Las
personas que vivimos en pueblos y ciudades utilizamos la calle para muchas
cosas. Es cierto que no les prestamos mucha atención y creemos que son sólo los
lugares donde viven otras personas y se encuentran los establecimientos que
buscamos. Las calles son todo eso que nos impide llegar a donde queremos y a la
vez nos encauzan en pos de nuestro destino. Hay calles bonitas, calles a las
que tenemos asociados ciertos recuerdos y vivencias, y calles por las que
pasamos sin prestarles atención. Sólo cuando han derribado un edificio y
aparece el solar es cuando caemos en la cuenta, ¿qué había ahí? Mirar
fotografías antiguas es un auténtico desafío a nuestro cerebro. El encuadre de
la foto oculta tantos referentes que a menudo somos incapaces de reconocer un
portal por el que pasamos todos los días de nuestra niñez.
Las
celosías de los balcones permiten mirar la calle sin ser vistos, las terrazas
de los bares y cafeterías sirven para que te vean disfrutar de un combinado o
de un té con leche. En la calle jugamos de niños y paseamos de mayores. En la
adolescencia aprendemos que una calle es un lugar donde ver a otros y donde te
ven. Como los antiguos, pasear tras de alguien te puede unir de manera especial,
estás “saliendo con” alguien. Las calles también te permiten escapar de otro
alguien. Tenemos ropa “de salir”. Cuando vamos de marcha, “salimos”. Más aún si
utilizamos la calle para beber y conversar. Es el botellón.
La
calle es el sitio para pasear, conversar, ligar, pelearse las bandas callejeras. Es el sitio donde se
celebran las festividades del pueblo. La primavera se viste de estreno y se
viste de nazareno. Esta feliz coincidencia nos hacía caer en la cuenta de que
el domingo de Ramos, quien no estrena no tiene manos y quien estrena se condena.
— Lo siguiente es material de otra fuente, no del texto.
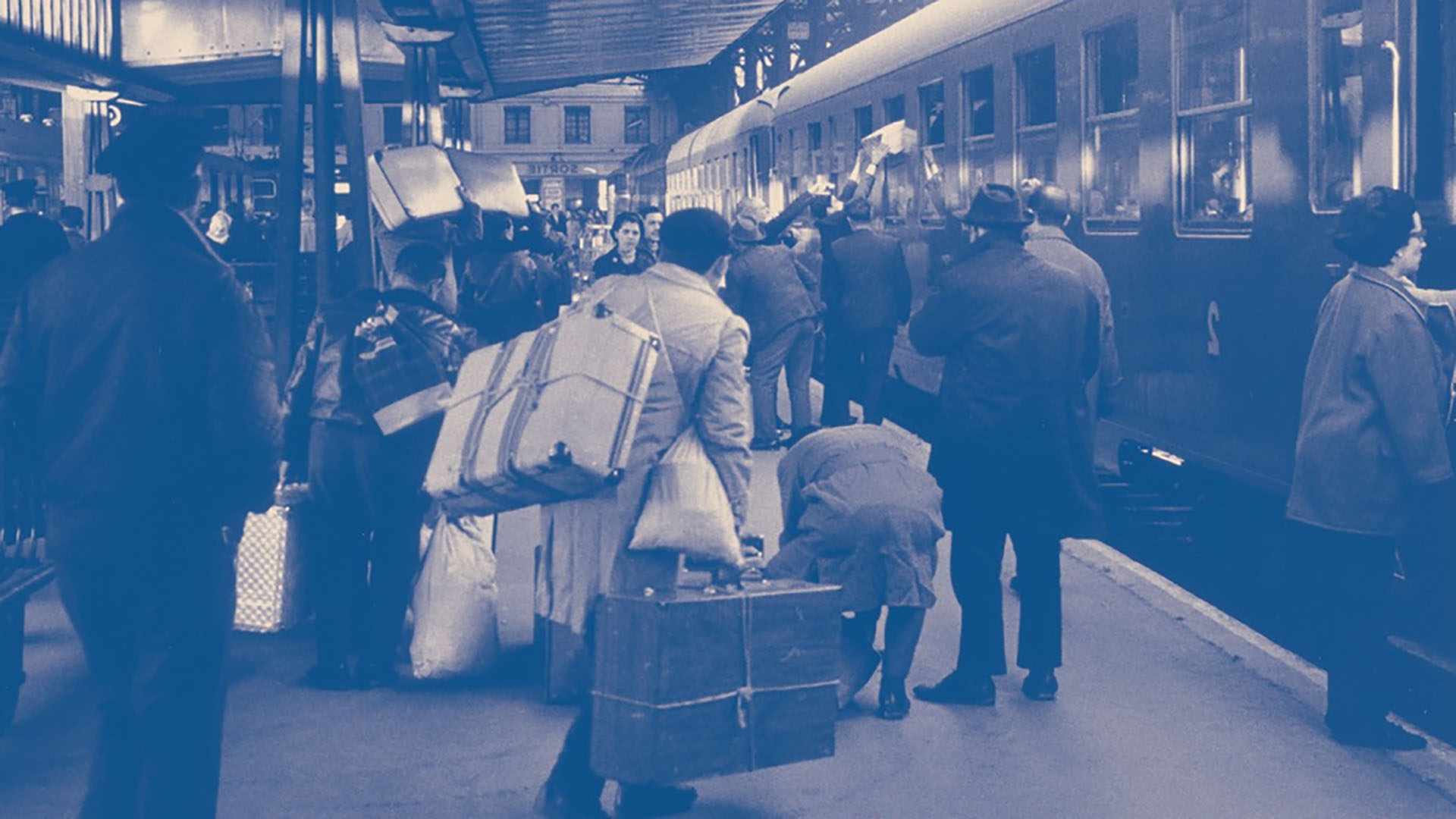 des migrants sur un quai de gare dans les années 60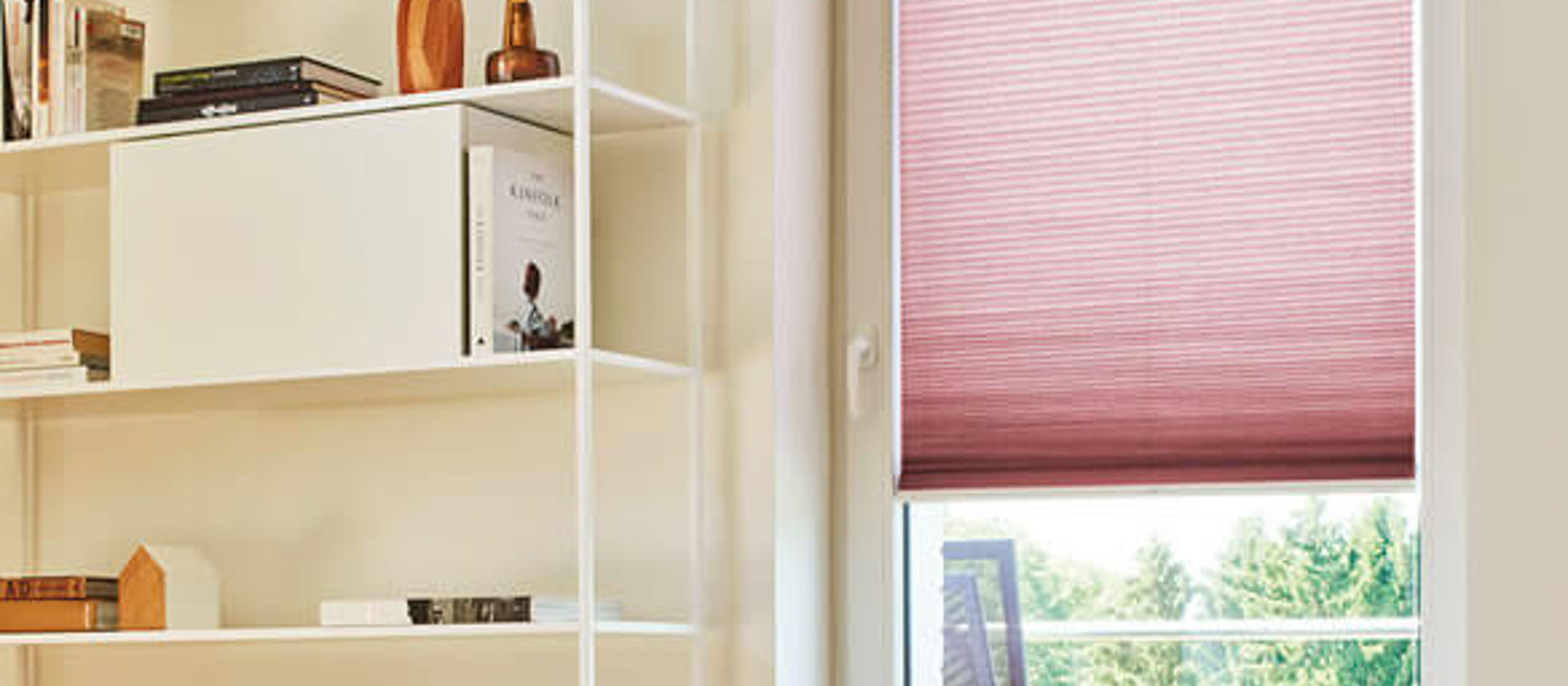Pink Duette blind brightening up a neutral room decor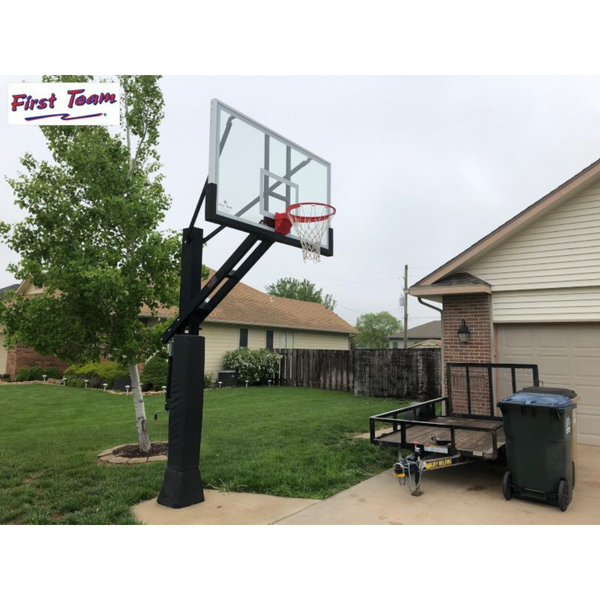 First Team Stainless Olympian In Ground Adjustable Basketball Goal angled view in front of a garage-First Team-Game Room Shop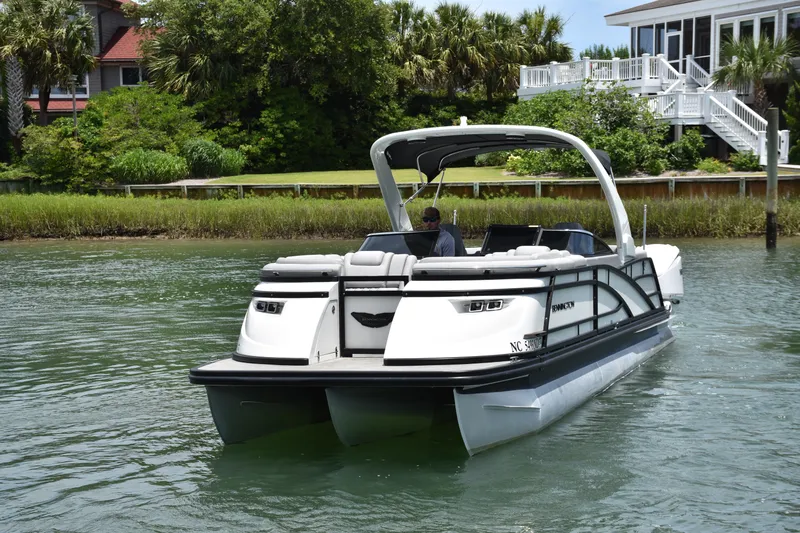 Slide: The Image of 2024 Bennington 27 QFB pontoon boat cruising on a scenic waterway. - 26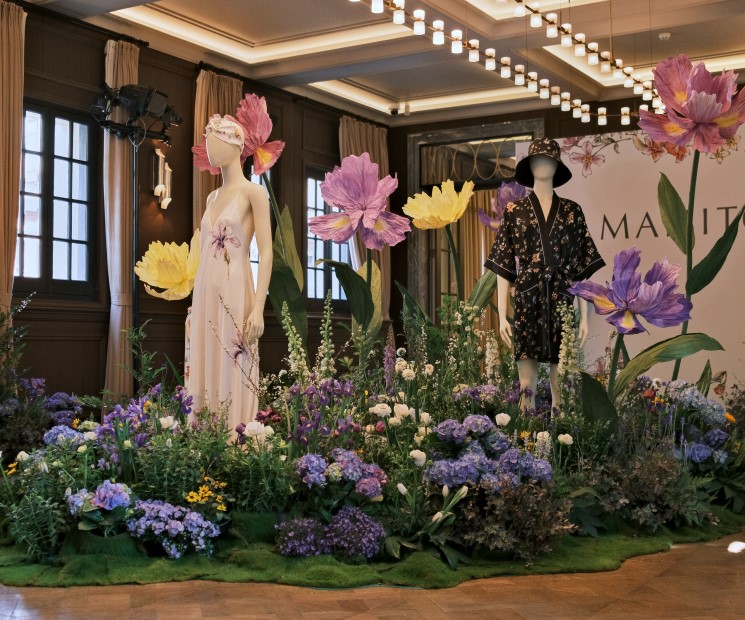 MANITO's fashion display with mannequins adorned in the SS 2023 silk collection, amidst an opulent floral arrangement, capturing the essence of Butchart Gardens' blooming irises.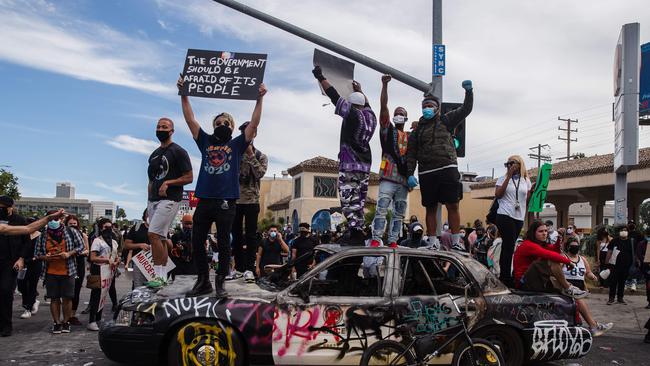 Demonstrators jump on a damaged police vehicle in Los Angeles in 2020, in during a protest against the death of George Floyd. Picture: Ariana Drehsler/AFP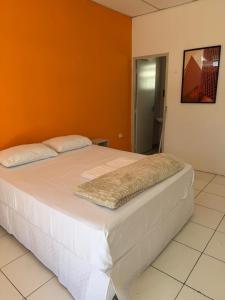 a large white bed in a room with an orange wall at Golden Stay Suites in Jacareí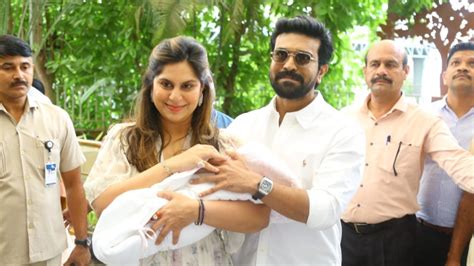 Ram Charan And Upasana Make First Appearance With Daughter In Hyderabad ...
Parece muy evidente que la celebración religiosa se ha superpuesto a la
celebración pagana y popular. Sin embargo esto es un viaje mucho más complejo.
A
menudo se quejan en la capital de la cantidad enorme de manifestaciones que
cortan el tráfico del centro. Durante la semana santa es lo que ha pasado en la
mayoría de los pueblos, al menos en el mío, que se está convirtiendo en la
localidad con mayor número de procesiones en el año. Parece un símbolo del poder
de la Iglesia. Y nadie se queja. Ni de la cera que hace chirriar las ruedas de
los coches, ni la falta de aparcamiento, ni que te rodeen y no puedas atravesar
una calle.
Es la
tradición, dicen, aunque el paso lleve sólo dos años en la calle. Y es la
tradición porque el pueblo lo ha querido así. Por mucho que el poder intente
imponer un sentimiento –religioso, patriótico, cultural o lo que sea-, es el
pueblo soberano, individuo a individuo, quien santifica las fiestas
arreglándose, vistiéndose de estreno. Y está claro que la gente apoya las
procesiones. Con fervor, con religiosidad, con la angustia de que se te salte
una, o no alcances a verla en la Cuesta del Barrio.
No me
gusta la Semana Santa. Y creo que a los cristianos tampoco debería gustarles.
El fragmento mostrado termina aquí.